Prove that $\Phi^3$ is an orthogonal projection

Question

Let V be a n-dimensional unitary vector space and $\Phi:V\to V$ an endomorphism such that $\Phi^2 = \Phi^*$. Prove that $\Phi^3$ is an orthogonal projection.

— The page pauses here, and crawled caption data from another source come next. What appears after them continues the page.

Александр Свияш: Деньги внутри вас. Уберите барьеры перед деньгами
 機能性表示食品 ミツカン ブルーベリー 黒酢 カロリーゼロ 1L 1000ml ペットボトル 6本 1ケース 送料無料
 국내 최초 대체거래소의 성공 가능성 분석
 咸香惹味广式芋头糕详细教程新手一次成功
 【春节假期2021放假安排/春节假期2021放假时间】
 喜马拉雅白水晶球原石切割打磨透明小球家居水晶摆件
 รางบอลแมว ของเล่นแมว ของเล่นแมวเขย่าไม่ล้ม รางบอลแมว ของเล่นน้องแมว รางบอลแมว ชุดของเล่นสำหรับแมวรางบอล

I'm afraid I'm lacking any decent starting point here. I know that a projection is orthogonal iff it is self-adjoint but that didn't get me anywhere. I also noticed that $\Phi^3$ is normal since $$\Phi \Phi^* = \Phi \Phi^2 = \Phi^2 \Phi = \Phi^* \Phi$$

I would greatly appreciate some clarification. How can we prove this?

Thank you.

Answer 1

$\Psi$ is an orthogonal projection iff $\Psi^*=\Psi$ and $\Psi^2=\Psi$. Let $\Psi=\Phi^3$, then $\Psi=\Phi\Phi^2=\Phi\Phi^*$ and $\Psi=\Phi^2\Phi=\Phi^*\Phi$. It is easy to see that $\Psi^*=\Psi$. We have also $$ \Psi^2=(\Phi^*\Phi)(\Phi\Phi^*)=\Phi^*\Phi^2\Phi^*=(\Phi^*)^3=(\Phi^3)^*=\Psi^*=\Psi. $$

Answer 2

More general, if $a$ is an element of a $*$-algebra with $a^2=a^*$, then $a^3$ is an orthogonal projection:

$a^2=a^*$ implies $(a^*)^2=a$. Hence, $$(a^3)^* = (a^*)^3=(a^*)^2 a^* = a a^* = a a^2 = a^3,$$ and $$(a^3)^2 = (a^2)^3=(a^*)^3=(a^3)^*=a^3.$$